### The input
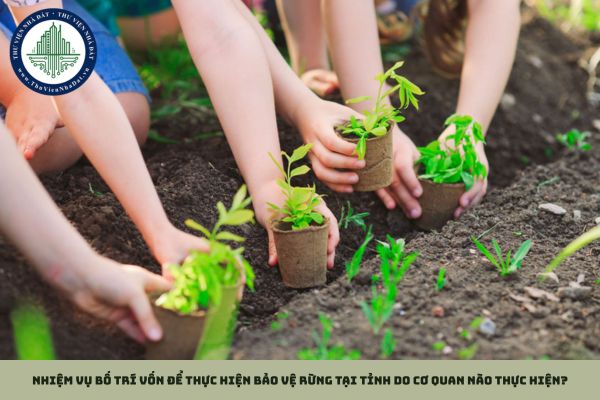 Nhiệm vụ bố trí vốn để thực hiện bảo vệ rừng tại tỉnh do cơ quan nào thực hiện?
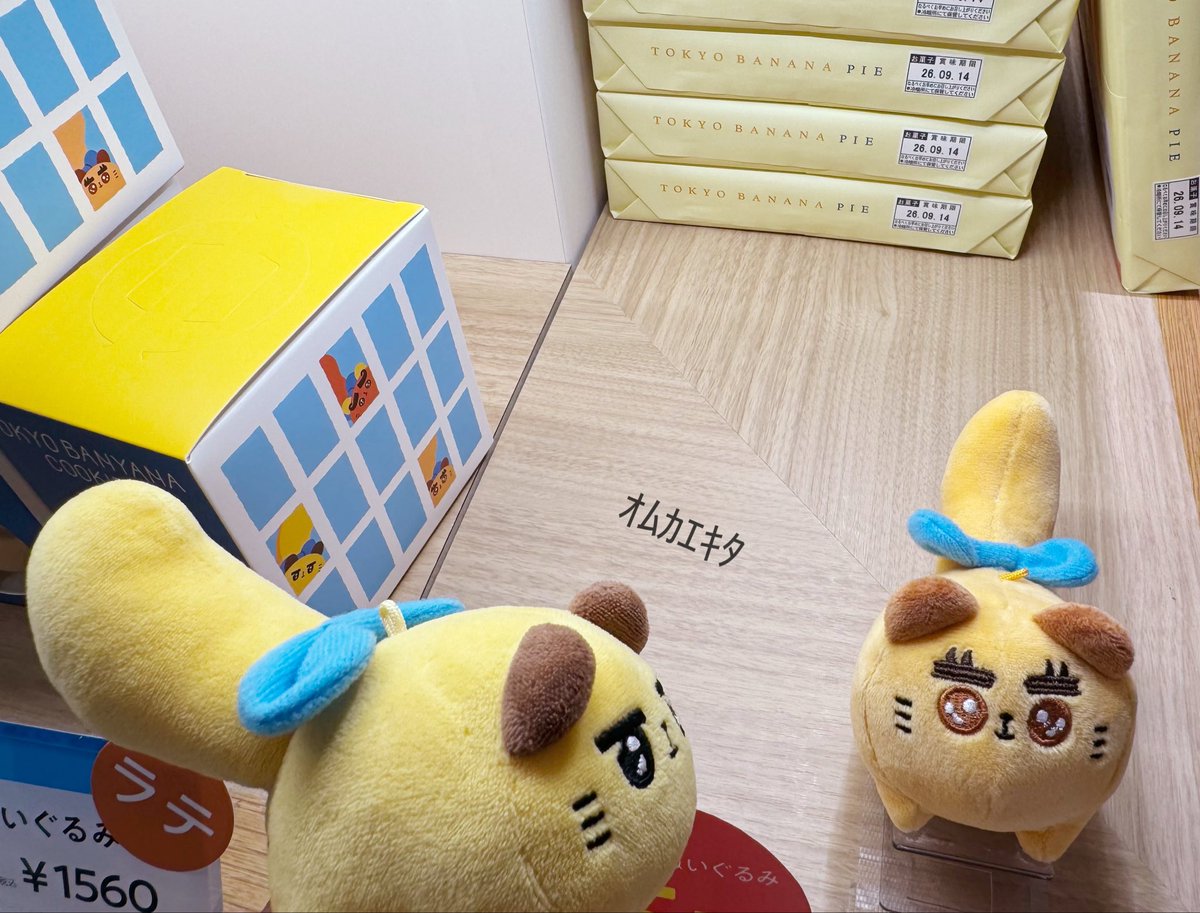 yuru_r___'s tweet photo. 昨日はラテのお迎え💫💫💫
ほかの子より少しむちっとしてて、それもまた可愛い🫶✨
またおともだちが増えたね〜🌱

#東京ばにゃ奈
#ぬい撮り https://t.co/iHhUoWQt1c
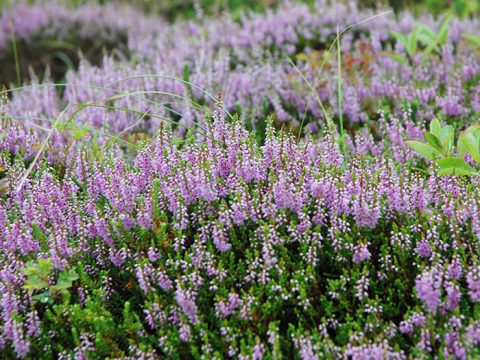 Heide op Texel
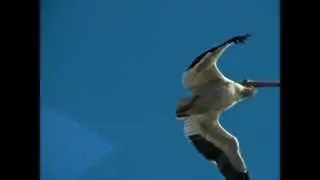 Pelican flying and pooping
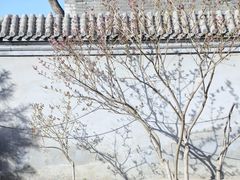 -三里河公园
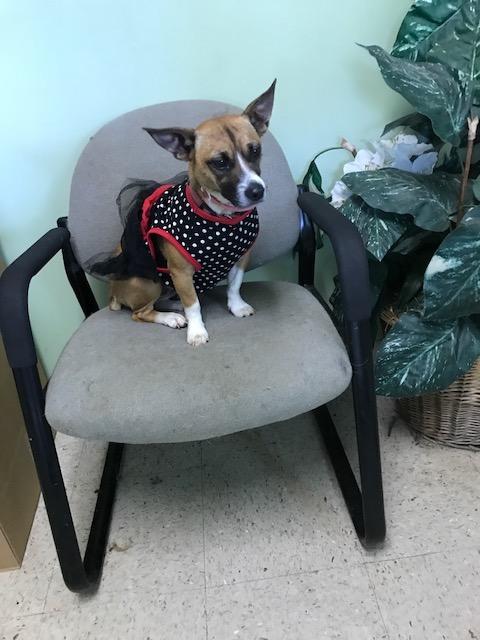 Jill, an adoptable Jack Russell Terrier in Mount Laurel, NJ, 08054 | Photo Image 2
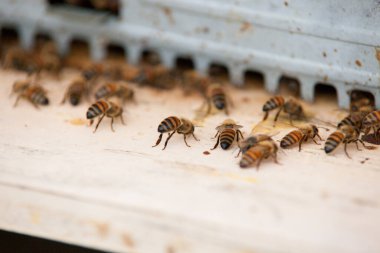 Kovandaki arılar çalışıyor
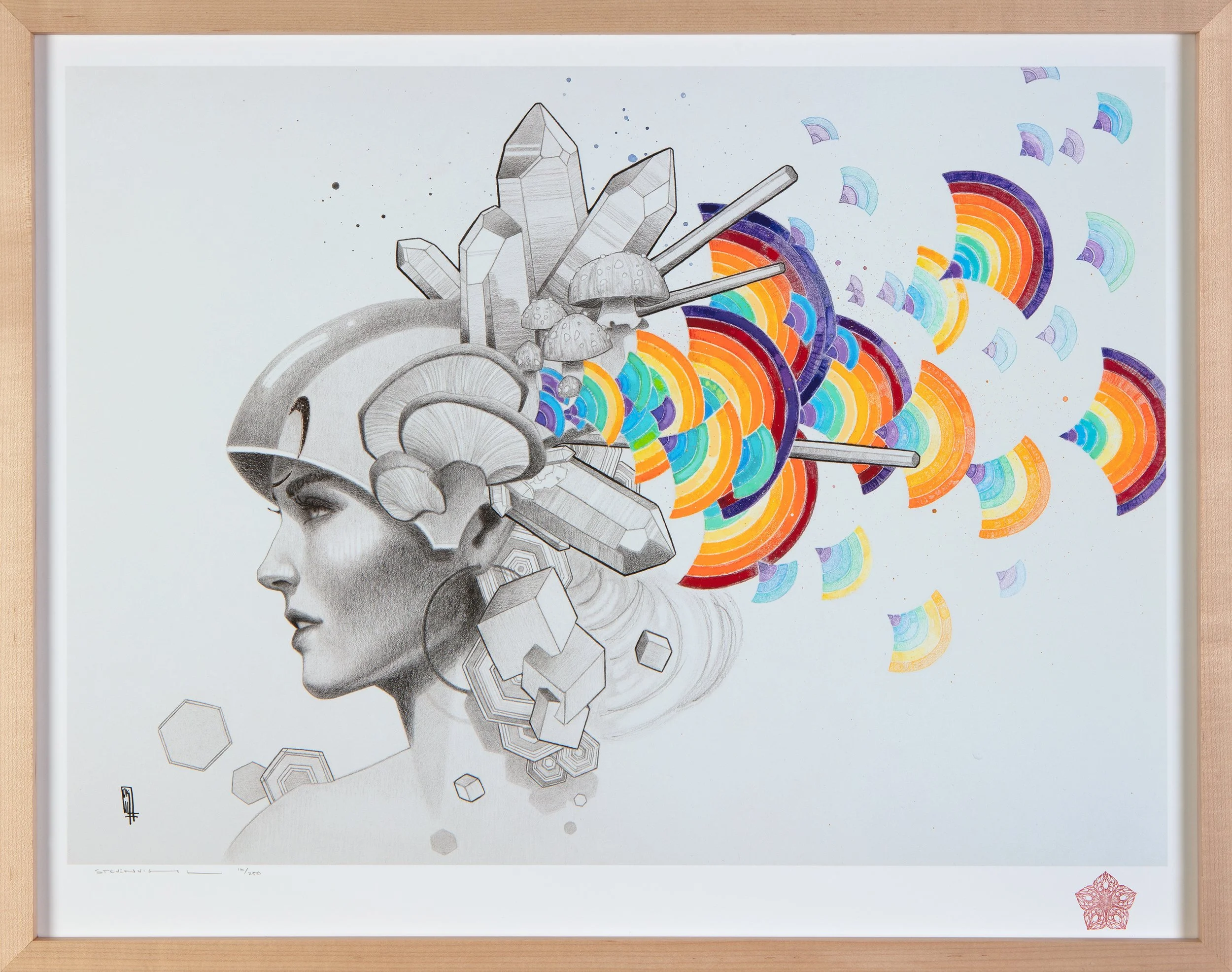 Limited edition - Prismatic Clairvoyance (web).jpg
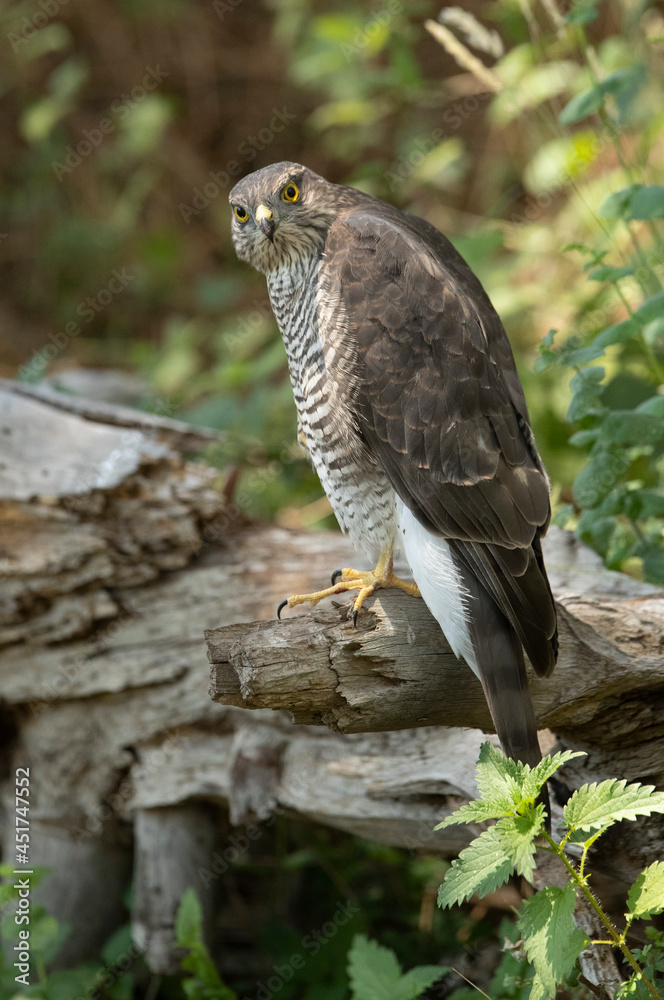 Young female Eurasian sparrow hawk at a natural water point in a pine forest with the first morning lights Young female Eurasian sparrow hawk at a natural water point in a pine forest with the first morning lights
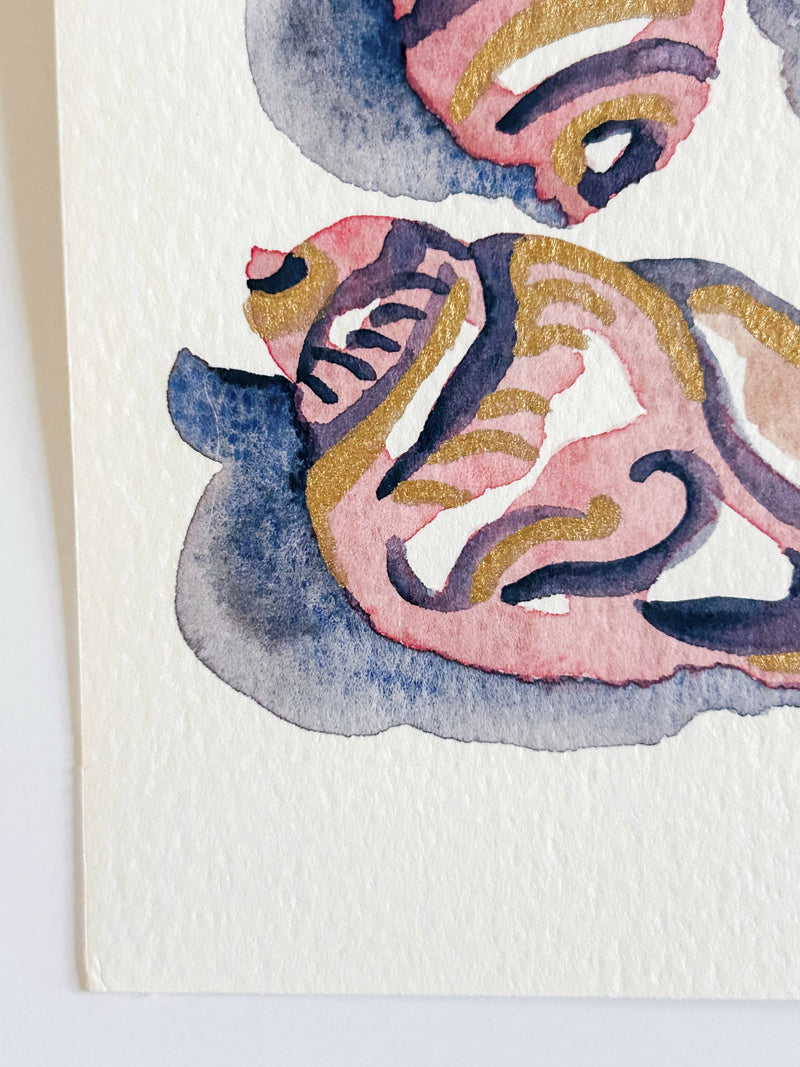 Heather Kiser Shell Study Vintage Pink Detail 2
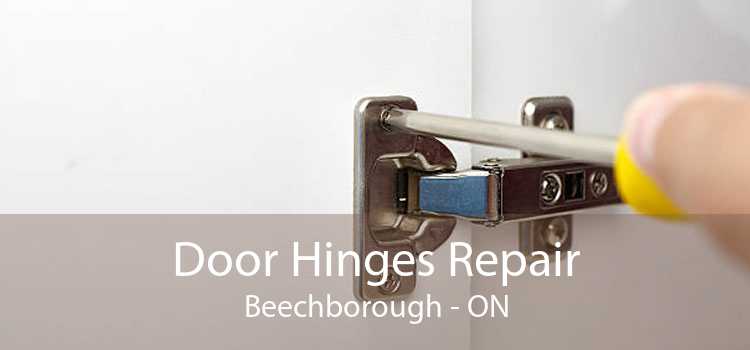 Door Hinges Repair Beechborough - ON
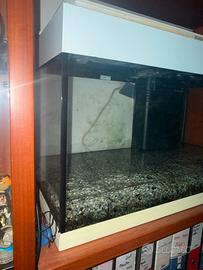 acquario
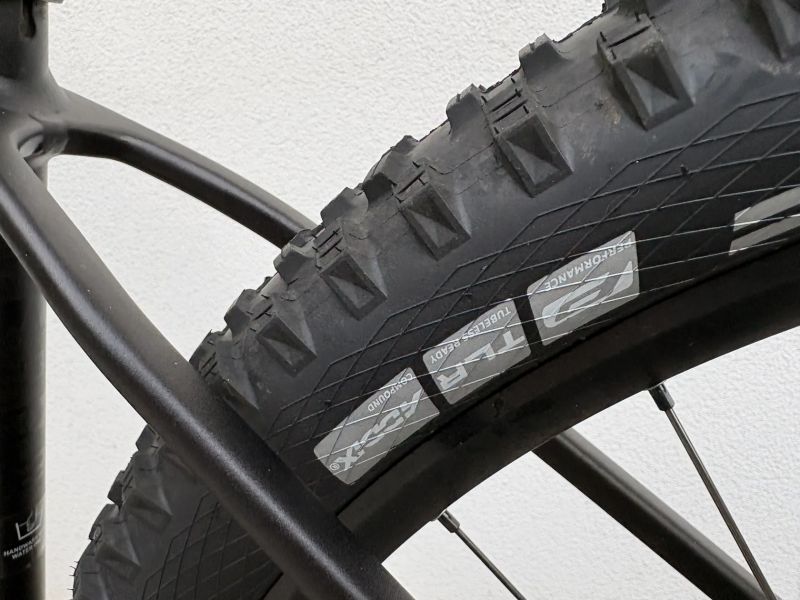 Radon Jealous AL 10.0 HD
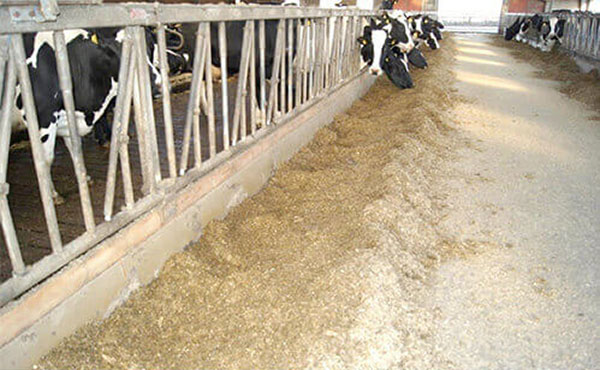 JOSERA feedration was eaten evenly over the entire feed table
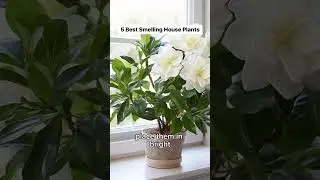 5 Best Smelling House Plants   5 Best Smelling House Plants! From delicate Lily of the Valley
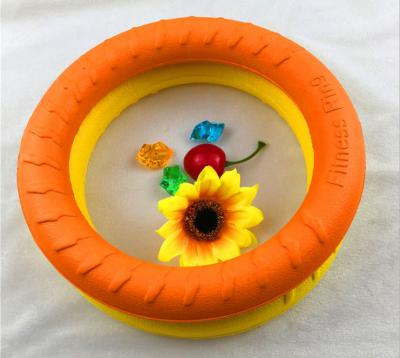 China Personalized Design Polyurethane Pet Flying Saucer For Interactive Play And Training for sale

### Work to complete
Please print the data above once more, exactly and without images.

### Response area
 Nhiệm vụ bố trí vốn để thực hiện bảo vệ rừng tại tỉnh do cơ quan nào thực hiện?
 yuru_r___'s tweet photo. 昨日はラテのお迎え💫💫💫
ほかの子より少しむちっとしてて、それもまた可愛い🫶✨
またおともだちが増えたね〜🌱

#東京ばにゃ奈
#ぬい撮り https://t.co/iHhUoWQt1c
 Heide op Texel
 Pelican flying and pooping
 -三里河公园
 Jill, an adoptable Jack Russell Terrier in Mount Laurel, NJ, 08054 | Photo Image 2
 Kovandaki arılar çalışıyor
 Limited edition - Prismatic Clairvoyance (web).jpg
 Young female Eurasian sparrow hawk at a natural water point in a pine forest with the first morning lights Young female Eurasian sparrow hawk at a natural water point in a pine forest with the first morning lights
 Heather Kiser Shell Study Vintage Pink Detail 2
 Door Hinges Repair Beechborough - ON
 acquario
 Radon Jealous AL 10.0 HD
 JOSERA feedration was eaten evenly over the entire feed table
 5 Best Smelling House Plants   5 Best Smelling House Plants! From delicate Lily of the Valley
 China Personalized Design Polyurethane Pet Flying Saucer For Interactive Play And Training for sale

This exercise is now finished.